Currently, rustc spends 10% of no-opt time creating and destroying Substs structs. More specifically, Substs structs are interned, but they each contain 2 Vec-s, which have to be allocated and then freed when an already-interned Substs is re-interned, so I would like some way to intern Substs without allocating.

This could be done relatively easily with find_equiv: create a variant of Substs whose Vec-s are allocated on the stack, and look it up. If it isn’t found, create a real Substs and intern it.

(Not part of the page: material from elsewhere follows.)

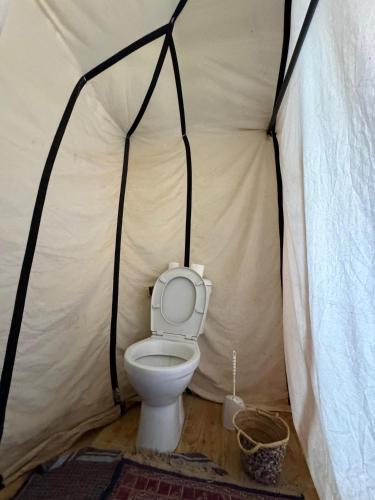 a bathroom with a toilet in a tent at Sahara Desert Camp in Hassilabied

However, the core team thinks find_equiv isn’t a good API for a hash-table. I think a good solution would be to add a HashInterner. I would like to use parts of std::collections::hash for it - so it should probably be in std.

An API would be something like

impl<'cx, T: Hash> HashInterner<'cx, T> {
    fn new() -> Self { /* .. */ }
    fn intern<K, F>(&mut self, k: K, f: F) -> &'cx T
        where K: PartialEq<T> + Hash,
              F: FnOnce(K) -> &'cx T
    { /* .. */ }


It sounds like you need …

dramatic pause

… Recycler! https://github.com/frankmcsherry/recycler

At least, I wrote it for you. Maybe it will help!


Do I get this right? You want to hash an object that does not yet exist?


I don’t want dead objects, I want live ones. I basically want some version of Hash Consing.


I can already hash such an object. I just want to check whether it exists within a hash table.


The intent here is that you could re-use the dead-but-memory-backed objects rather than repeatedly dropping and re-allocating them. It is a different solution to the problem that you actually have, that churning the allocator is expensive.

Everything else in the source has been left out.